Asyncio RLock - reentrant locks for async Python (original) (raw)
November 29, 2022, 9:12am 1
I’d like to re-open the discussion started here https://github.com/python/asyncio/issues/439, which requested reentrant locks to be added to asyncio.
GvR argues that locks in eventloop-based concurrency are less used because the context switching happens more controlled, and I agree. But there are still use-cases where a complex state change in a component involves I/O, requiring async locking (and no-one argued against that).
What I don’t understand is how those observations make a point against RLocks in async. It’s true that RLocks are not a necessity. But that holds for async as well as threaded concurrency. Their just a convenience. You could always refactor your code to not need them (example given in the same issue). In the most extreme case, that refactoring could mean implementing your own RLock, which isn’t hard and only requires 1. a simple mutex/lock 2. a way to identify the current thread/task.
So they’re not necessary, but they do help to reduce the complexity of code and make it more robust, concise, and easier to reason about.
I ended up implementing my own async RLock and it was a somewhat alien experience having to do that because I’m very used to Python being that language that comes with batteries included.

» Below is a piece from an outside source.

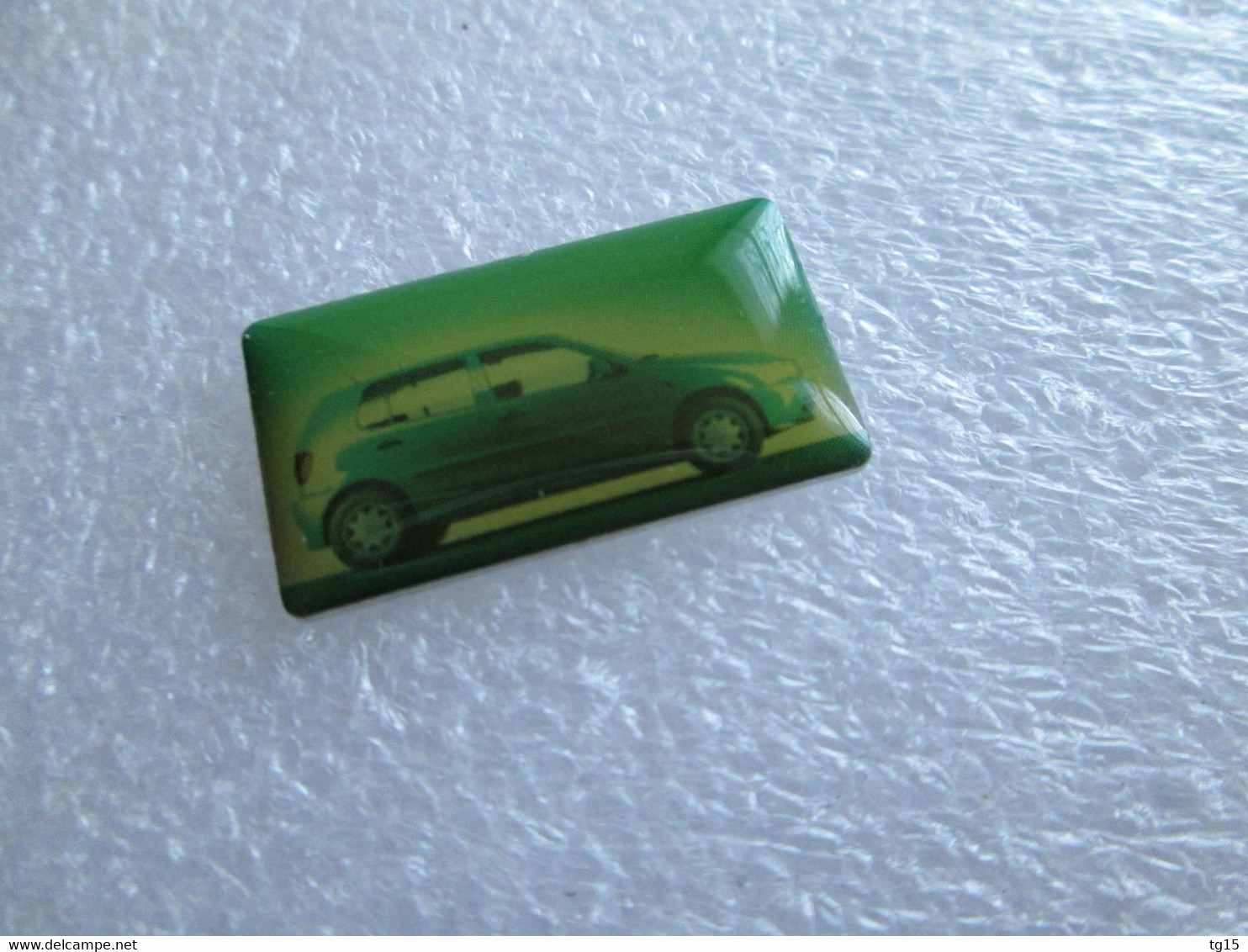 PIN'S    VOLKSWAGEN  POLO - Volkswagen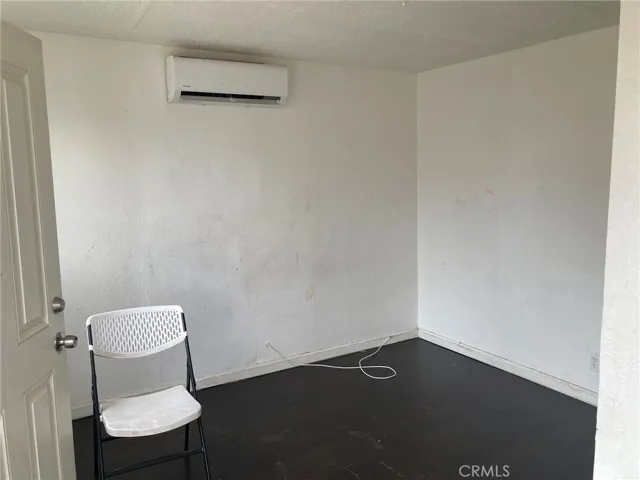 Unit 1 (back unit) - living rm/Bdrm (Studio Apartment)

Worth noting that I’m not the only one that felt the need for async RLocks. There’s even a package to ship this bit of code: asyncio-rlock
(imagine the link to pypi here, I was only permitted to post up to 2 links)
asvetlov (Andrew Svetlov) November 29, 2022, 9:46am 2
Any functionality in stdlib has its own maintenance cost.
If a third-party library on PyPI solves your needs – that’s fine, please use it.
When we start feeling the high demand for the library, this situation can be a reason for embedding it into stdlib.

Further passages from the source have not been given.